As the Seder nears its conclusion, the anticipation and excitement grow. Attendees each pour a bit of their wine into a cup, the Cup of Elijah the Prophet. The front door is opened. The cup is set in the middle of the celebration table. The children gather around the table and watch the Cup with eager anticipation. They watch for some stirring in the wine, a sign that Elijah has come to visit, that he has tasted of the Fifth Cup.
The Cup of Elijah is not included in the Seder celebration by all Jews. It does, however, have very important symbolic significance when it is included.
As discussed in a recent blog, Passover: The Four Cups of the Seder, the first four cups of wine are consumed in remembrance and celebration of the Israelites’ delivery from slavery in Egypt. According to scriptures, Elijah the Prophet will appear before the Messiah comes.
Christians, of course, believe that this has already occurred in the form of Christ Jesus.
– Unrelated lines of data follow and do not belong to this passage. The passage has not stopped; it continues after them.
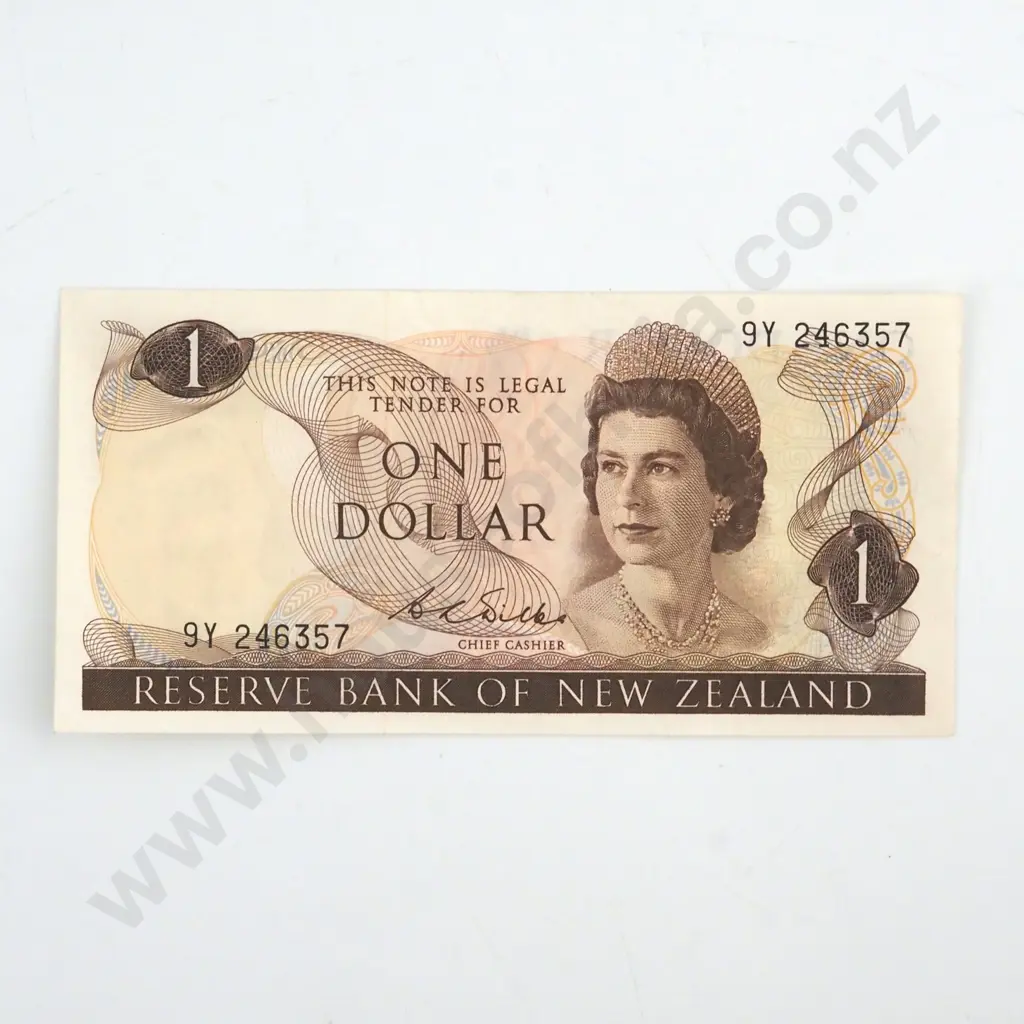 WILKS SIGNATURE, SERIAL 9Y246357 ( LAST PREFIX OF TYPE ), VERY FINE, C.V. $75 Image 1++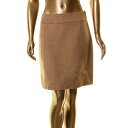 Weekend Maxmara EC[NGh WEEKEND MAXMARA NEW Women's Brown Maesa Wool-blend A-Line Skirt 4 TEDO fB[X
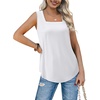image:imageWIHOLL Womens Square Neck Tank Top1white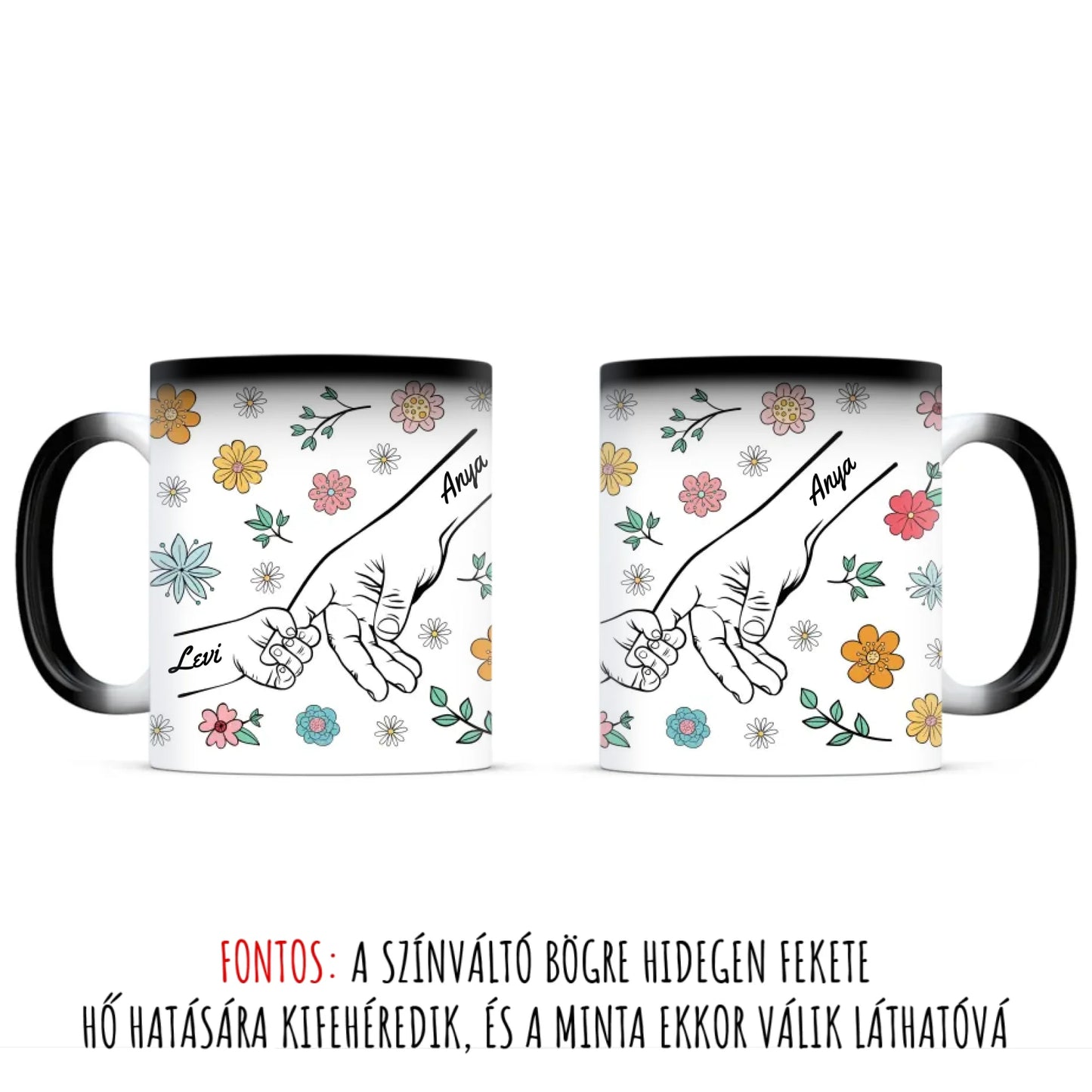 egyedi személyre szabható neves bögre gyerekek nevével ajándék anyáknak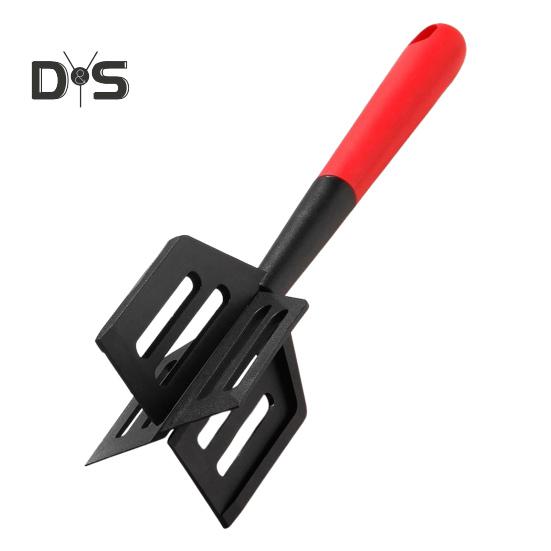 

Мясорубка 2 в 1, толкушка, термостойкая ложка для смешивания, мясная лопатка, измельчитель для гамбургеров, кухонный инструмент без BPA для измельчения говяжьего фарша чёрный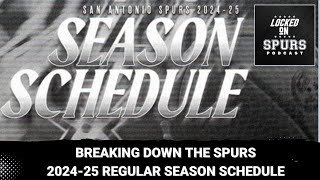 Spurs Merch of the Month Breaking down the San Antonio Spurs 202425 regular season schedule [upl. by Mikal]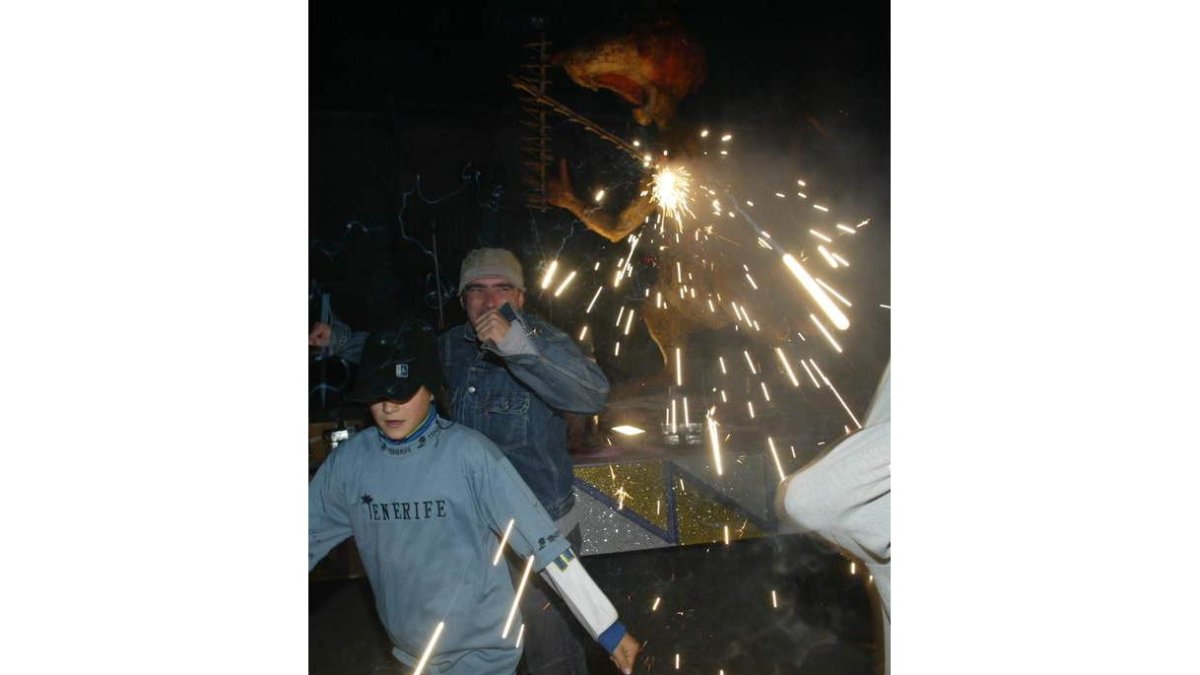 El correfuegos de El Cavalfoc pondrá el broche el lunes.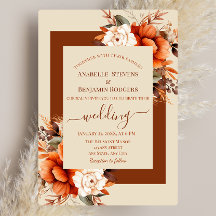 Verbrande Sinaasappel en Rust Bloemen met QR code 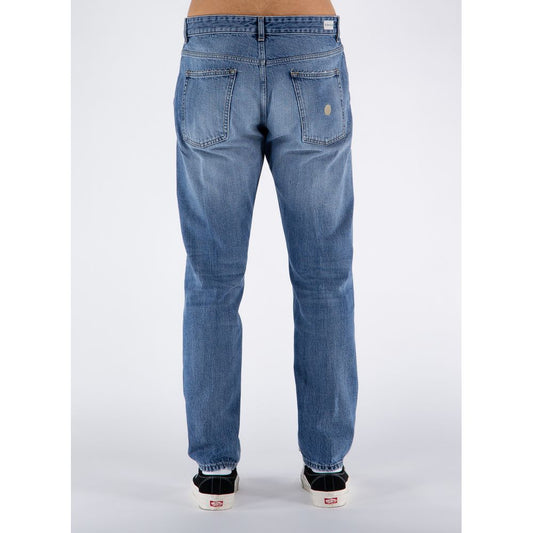 Back view of Don The Fuller Blue Cotton Men Jeans showcasing Italian craftsmanship and classic design.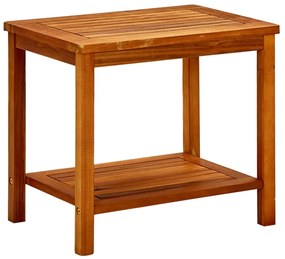 vidaXL Măsuță de cafea, 50x35x45 cm, lemn masiv de acacia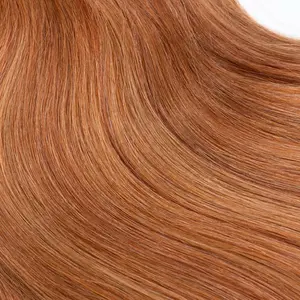 Jolie Clip ins in the color Caramel Copper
Most Jews believe that the arrival of the Messiah is still to come.
That event is beyond human capability. To the Jew, the coming of the Messiah will be an intervention from God. So, the stirring of the wine in the Fifth Cup, the Cup from which only Elijah may drink, is a reminder, a symbol of the final and complete redemptive promise of God.
The Fifth Cup also marks the sharp distinction between Christians and Jews. As Christians, we await the Second Coming of our Lord and Savior. The Cup of Elijah, reminds the Jews that they are still waiting for the first.